[Task item] Copy out the data exactly, leaving the pictures behind.

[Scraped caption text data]

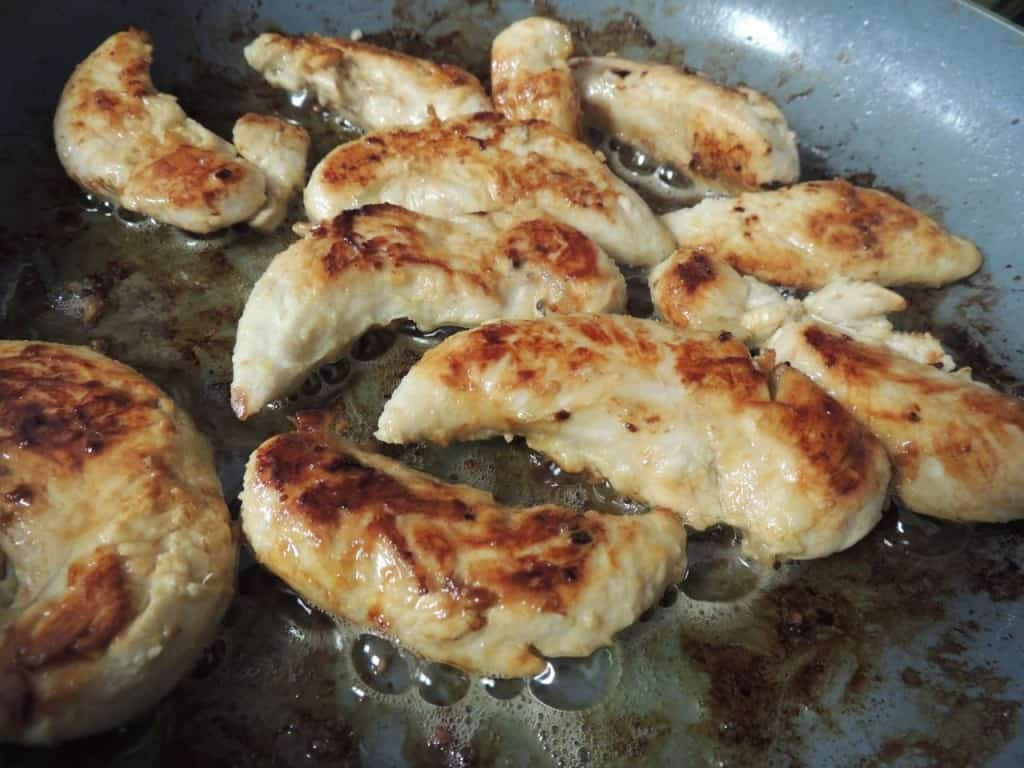 Turn chicken once until brown on both sides.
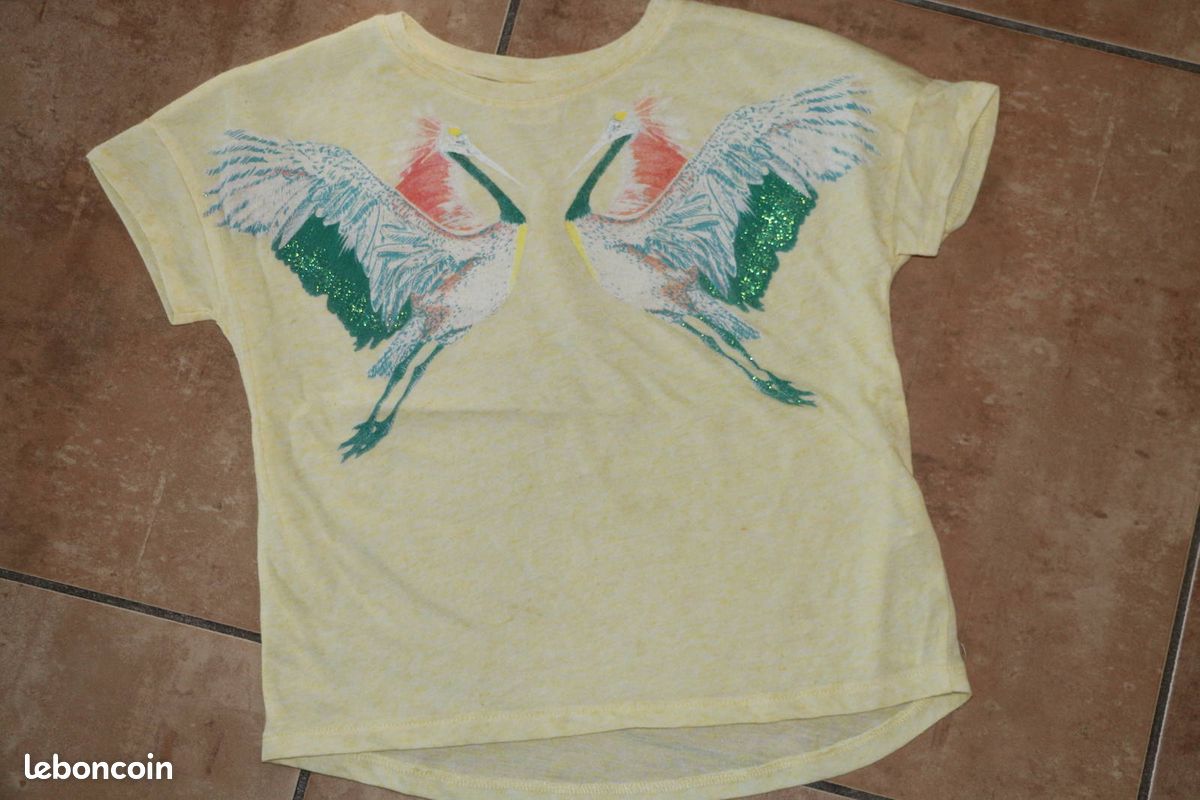 T-shirt Basique Fille Zara 8 Ans Coton Jaune Manches Courtes Col Rond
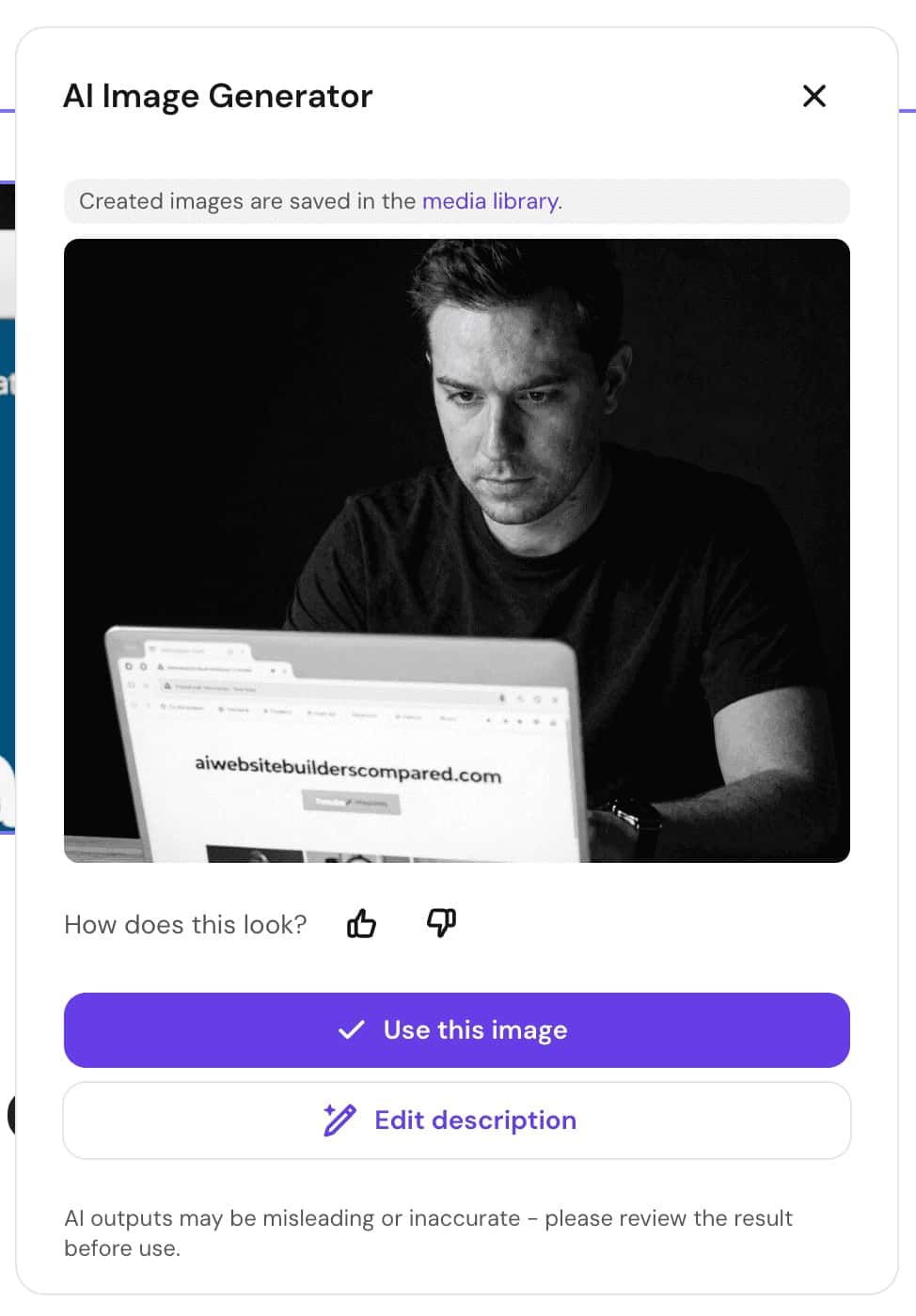 Hostinger AI Builder image prompt result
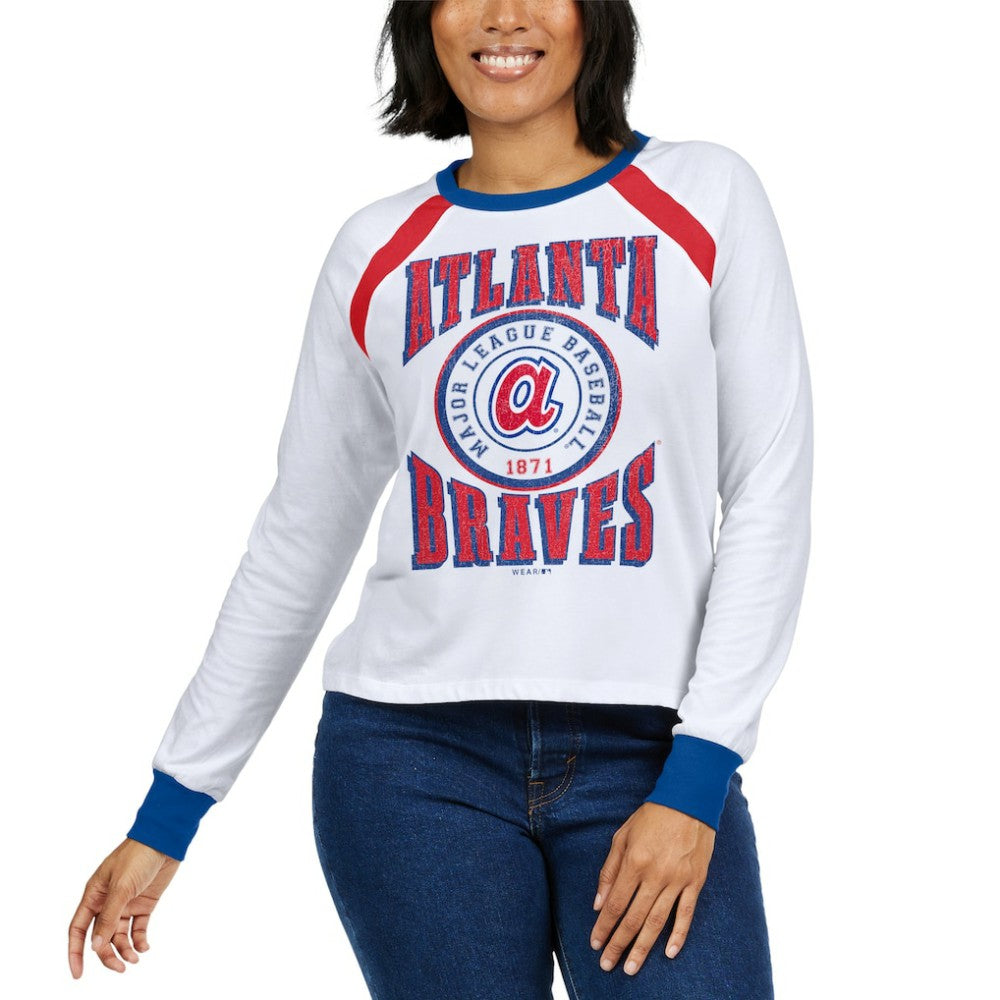 Atlanta Braves WEAR by Erin Andrews Women's Raglan Long Sleeve T-Shirt - MLB
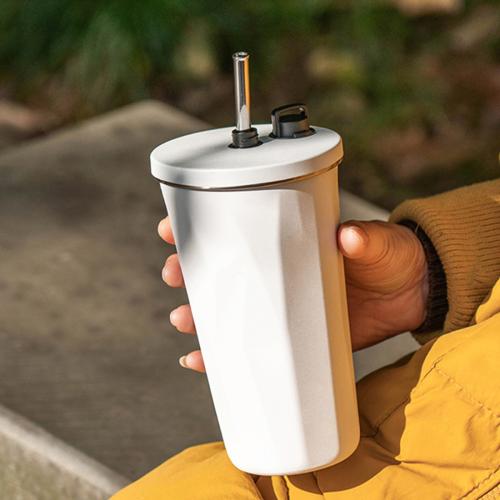 كوب حافظ حرارة استيل ابيض 600 مل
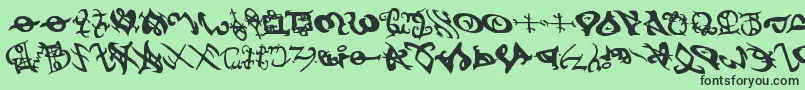 devilstongueleft Font – Black Fonts on Green Background
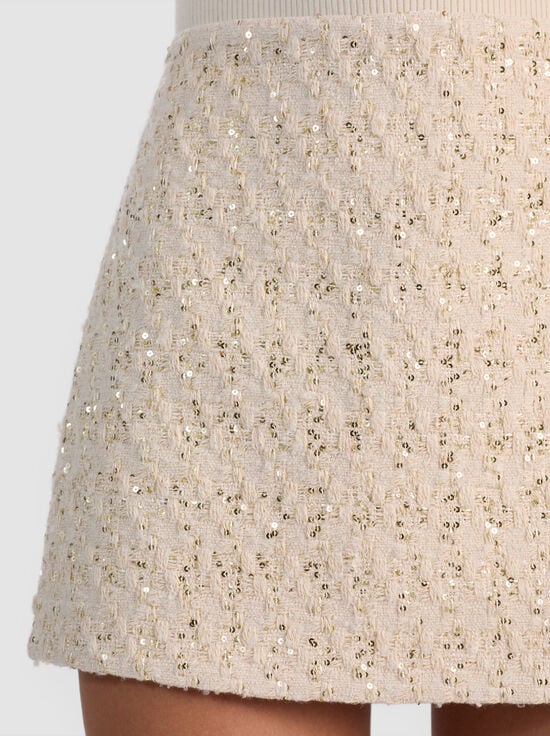NATURAL-RUBI EMBELLISHED TWEED MINI SKIRT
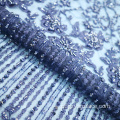 Laço de bordado frisado azul escuro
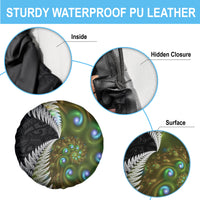 New Zealand Spare Tire Cover Koru Abstract Art and Silver Fern Maori Pattern LT03 - Polynesian Pride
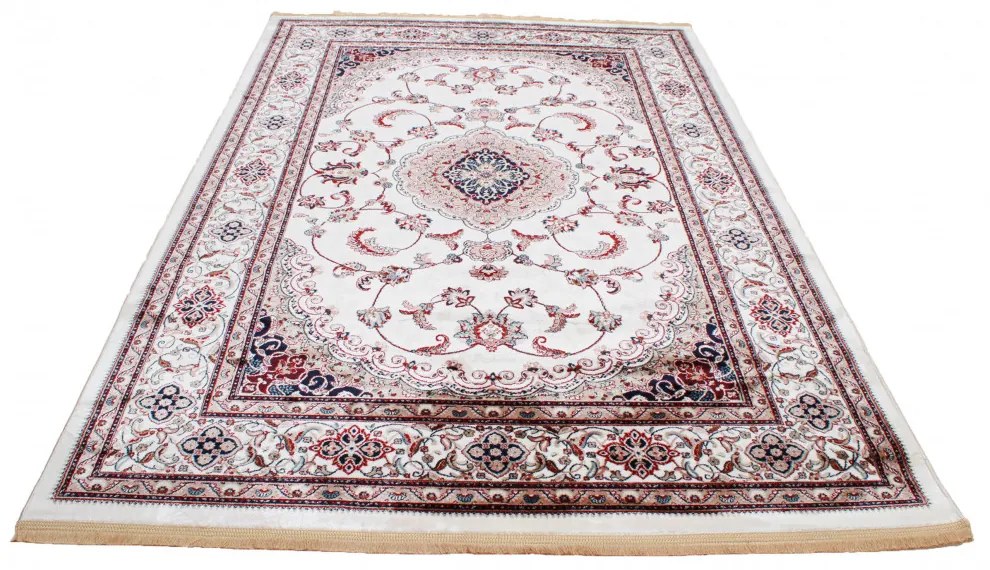 Gépi perzsa szőnyeg bézs Isfahan 160x230 klasszikus nappali szőnyeg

[Your solution]
 Turn chicken once until brown on both sides.
 T-shirt Basique Fille Zara 8 Ans Coton Jaune Manches Courtes Col Rond
 Hostinger AI Builder image prompt result
 Atlanta Braves WEAR by Erin Andrews Women's Raglan Long Sleeve T-Shirt - MLB
 كوب حافظ حرارة استيل ابيض 600 مل
 devilstongueleft Font – Black Fonts on Green Background
NATURAL-RUBI EMBELLISHED TWEED MINI SKIRT
 Laço de bordado frisado azul escuro
 New Zealand Spare Tire Cover Koru Abstract Art and Silver Fern Maori Pattern LT03 - Polynesian Pride
 Gépi perzsa szőnyeg bézs Isfahan 160x230 klasszikus nappali szőnyeg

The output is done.